• **Work to complete**: What the answer must contain is every line of the records, exactly, with no pictures.

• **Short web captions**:
^^^^^^^^

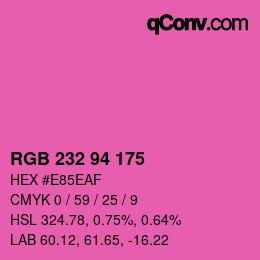 Color code: RGB 232 94 175 | qconv.com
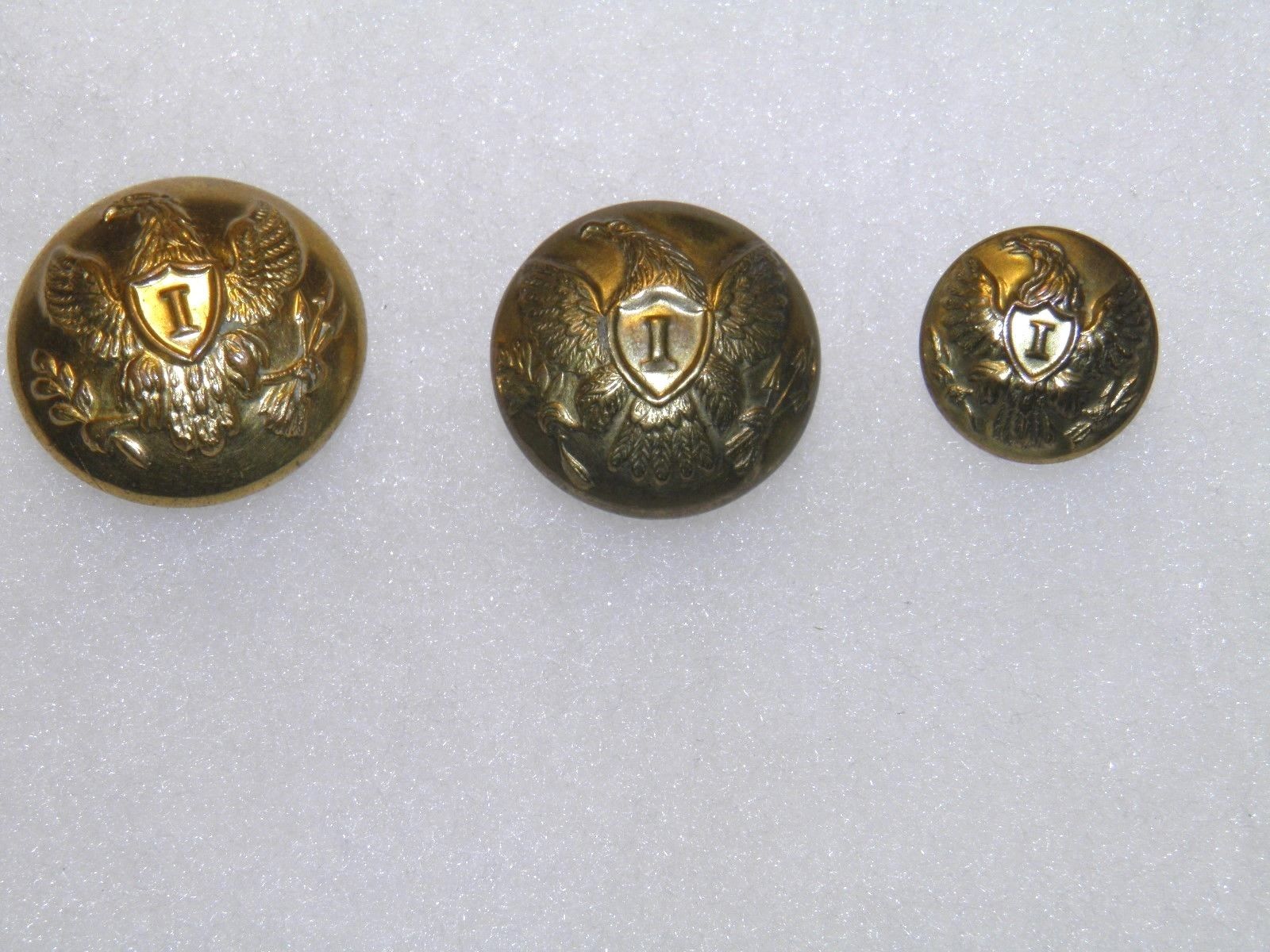 Nice Lot Of 3 Civil War Infantry Eagle I Uniform Buttons -- Antique ...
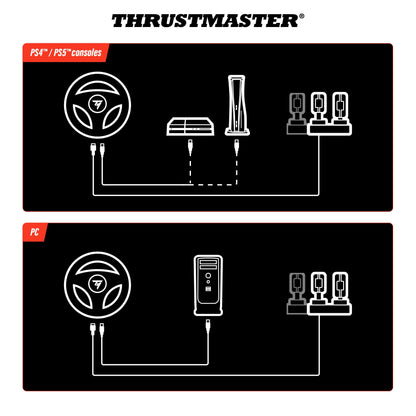 Thrustmaster T98 Ferrari 296 GTB racing wheel and pedals, black, with Ferrari logo, bungee cord tech, and manettino dial for PS5, PS4, PC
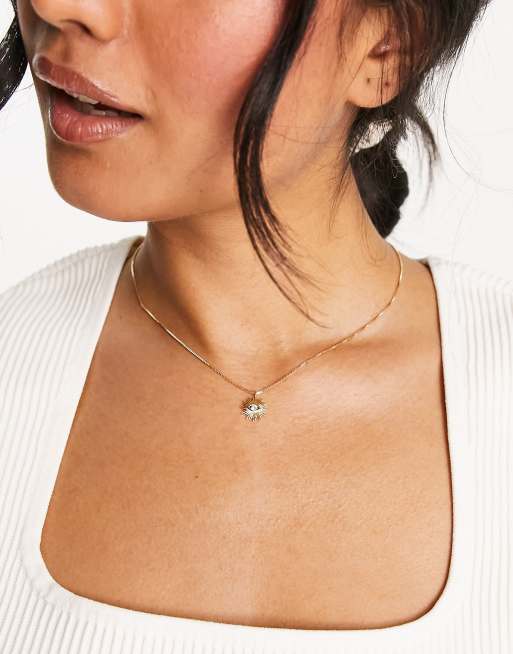 ASOS DESIGN - Verstelbare ketting met ooghangertje in goudkleur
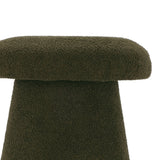 Koopman Olive Mushroom Teddy Stool | 38cm Dark Green Boucle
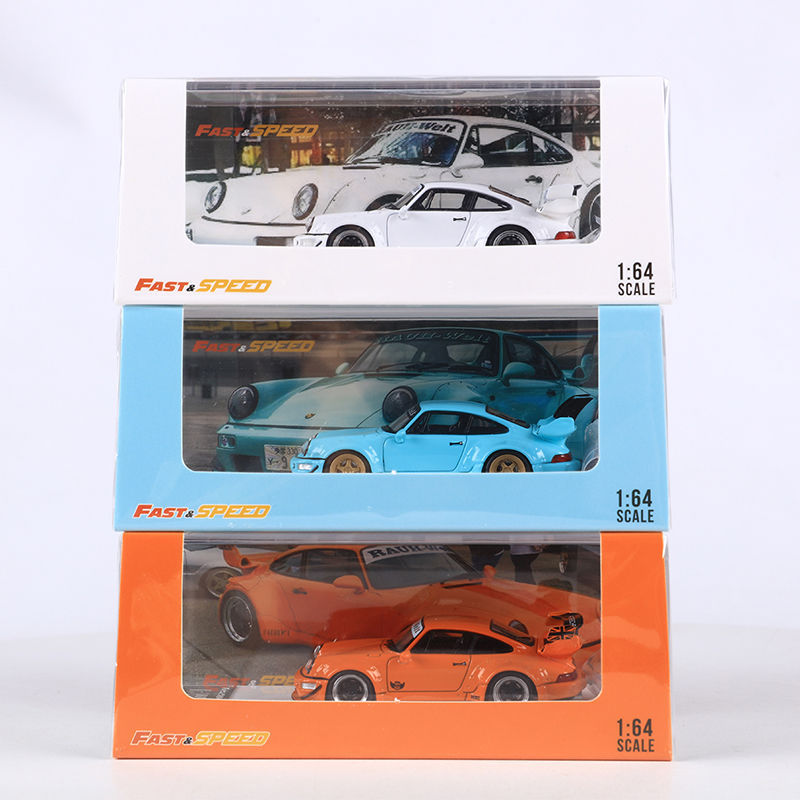 빠른 속도 1:64 포르쉐 RWB964 와이드 바디 수정 시뮬레이션 합금 자동차 모델 컬렉션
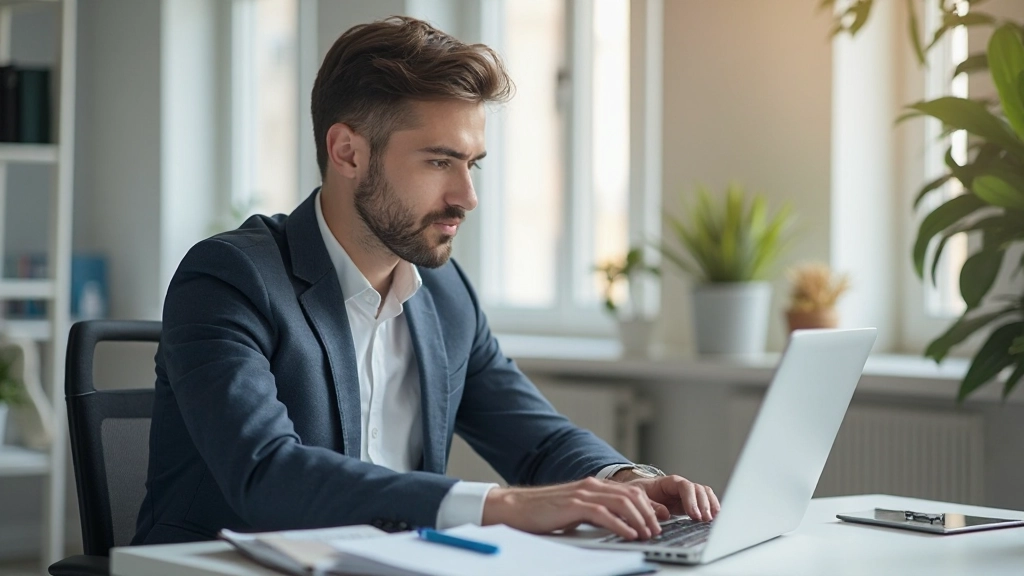 Предприниматель работает над бизнес-проектом в современном стартап-офисе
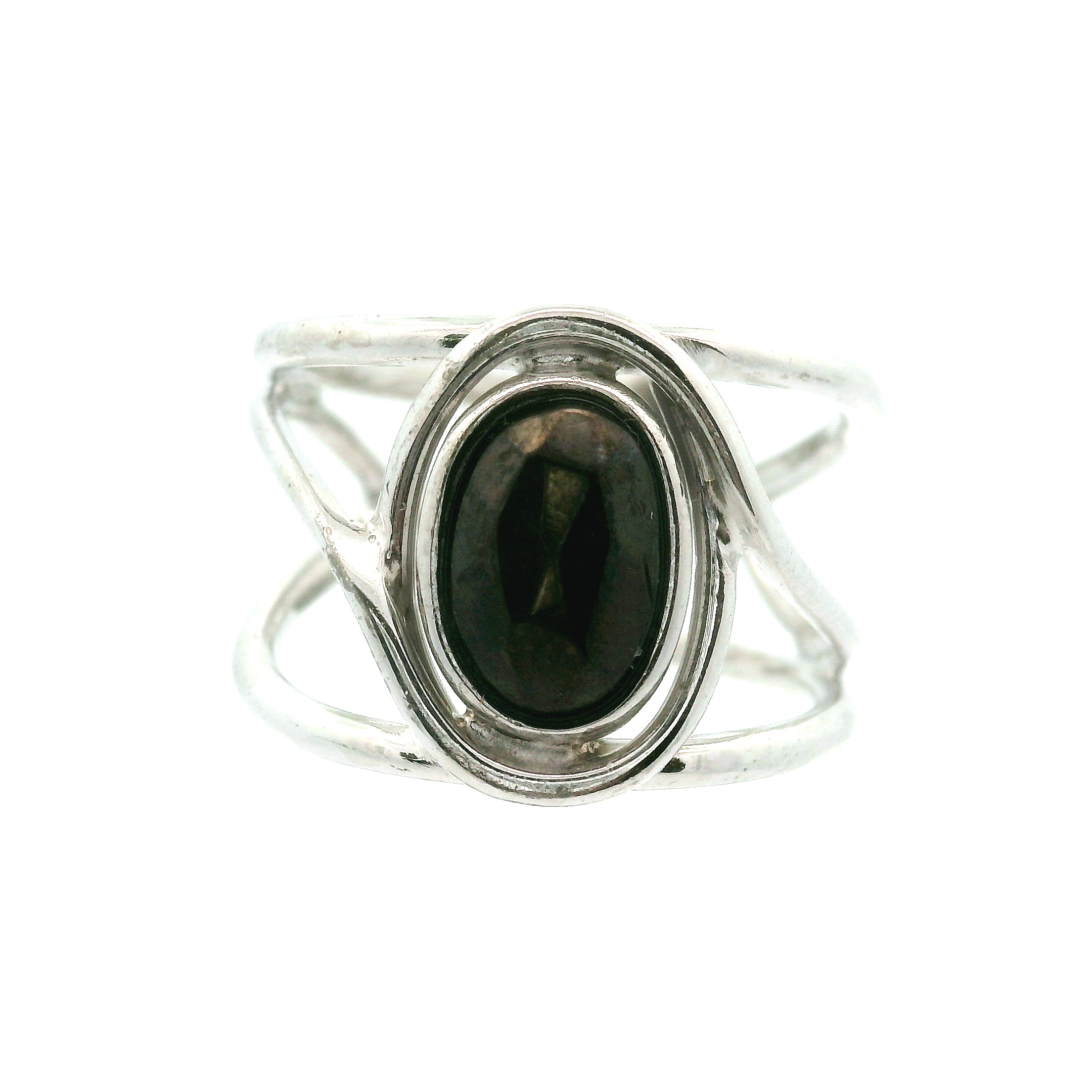 Nuummite Cuff Ring .925 Silver for Awareness, Communication and Meditation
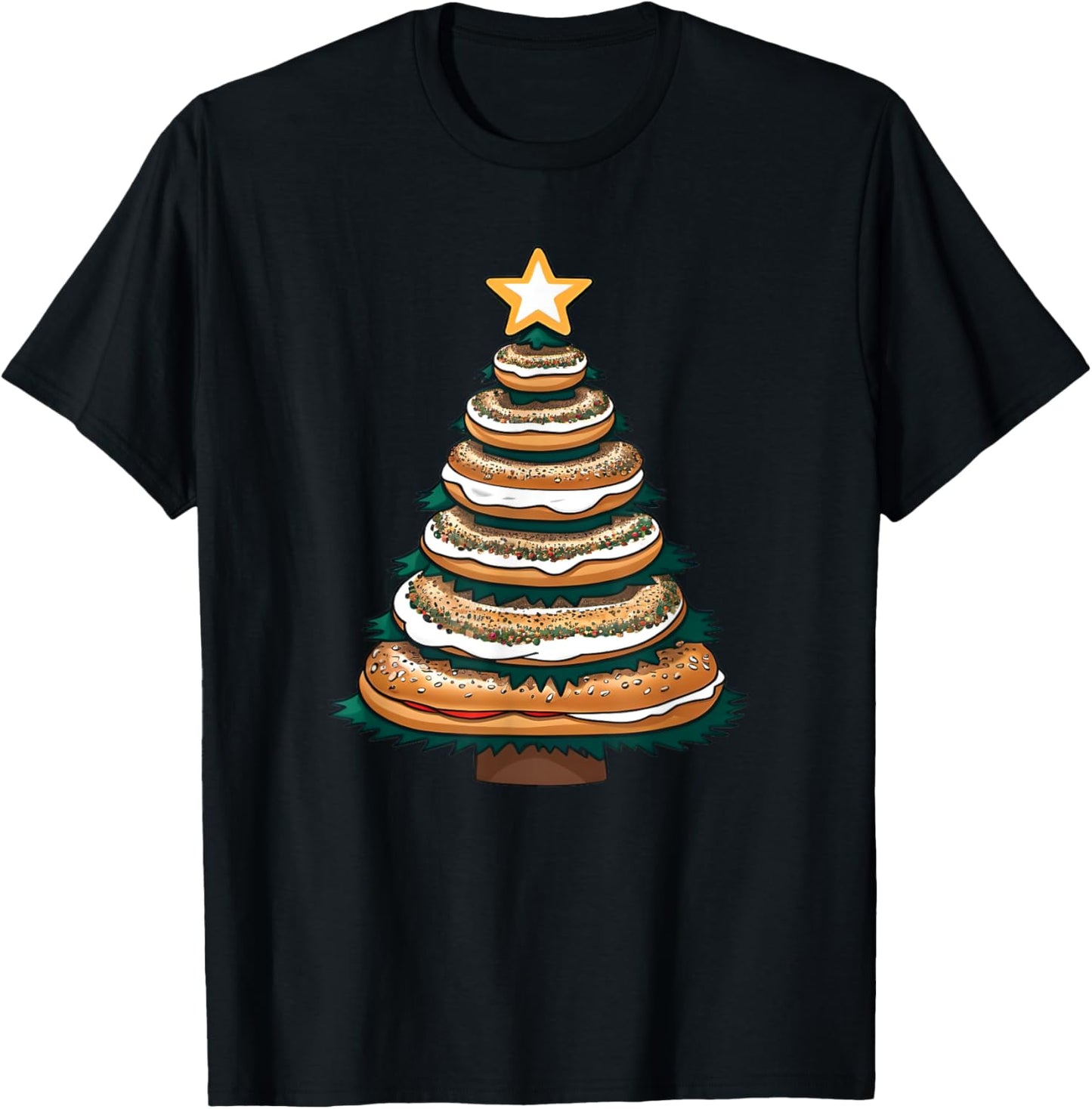 X-mas Breakfast Pastry and Baked Treat -Adults and Kids Blue Small Modern Christmas Everything Bagel with Cream Cheese Christmas Tree T-Shirt - T-Shirt | Black
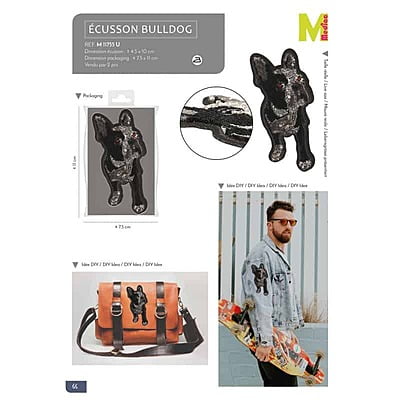 Applicazione Buldog con strass rossi Applicazione Buldog con strass rossi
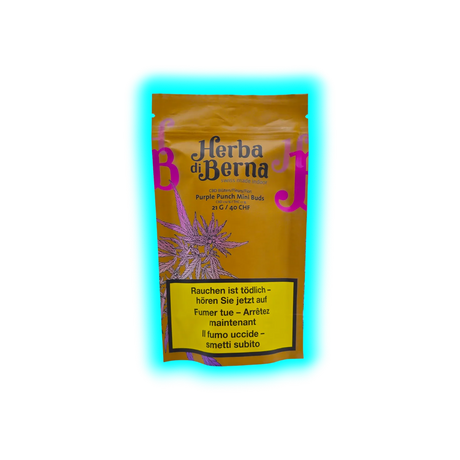 Herba di Berna Purple Punch Mini Buds 21g Indoor CBD Blüten violette Verpackung Frontalansicht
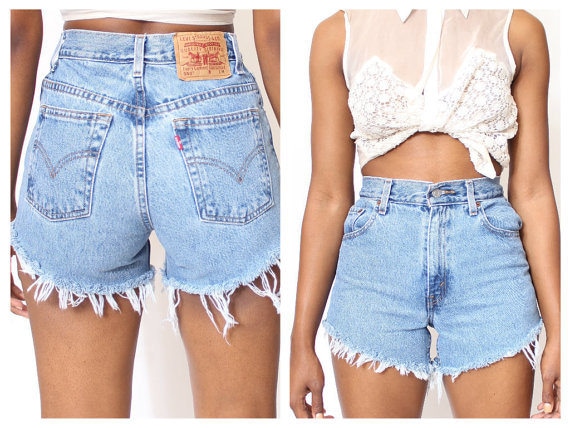 ALL SIZES Cut off LEVI'S Vintage High Waisted Shorts Plus - Etsy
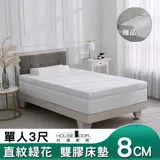 【House Door 好適家居】冬夏兩用直紋緹花複合式雙膠記憶床墊8cm厚-單人3尺 贈標準工學枕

^^^^^^^^

• **Response below**:
 Color code: RGB 232 94 175 | qconv.com
 Nice Lot Of 3 Civil War Infantry Eagle I Uniform Buttons -- Antique ...
 Thrustmaster T98 Ferrari 296 GTB racing wheel and pedals, black, with Ferrari logo, bungee cord tech, and manettino dial for PS5, PS4, PC
 ASOS DESIGN - Verstelbare ketting met ooghangertje in goudkleur
 Koopman Olive Mushroom Teddy Stool | 38cm Dark Green Boucle
 빠른 속도 1:64 포르쉐 RWB964 와이드 바디 수정 시뮬레이션 합금 자동차 모델 컬렉션
 Предприниматель работает над бизнес-проектом в современном стартап-офисе
 Nuummite Cuff Ring .925 Silver for Awareness, Communication and Meditation
 X-mas Breakfast Pastry and Baked Treat -Adults and Kids Blue Small Modern Christmas Everything Bagel with Cream Cheese Christmas Tree T-Shirt - T-Shirt | Black
 Applicazione Buldog con strass rossi Applicazione Buldog con strass rossi
 Herba di Berna Purple Punch Mini Buds 21g Indoor CBD Blüten violette Verpackung Frontalansicht
 ALL SIZES Cut off LEVI'S Vintage High Waisted Shorts Plus - Etsy
 【House Door 好適家居】冬夏兩用直紋緹花複合式雙膠記憶床墊8cm厚-單人3尺 贈標準工學枕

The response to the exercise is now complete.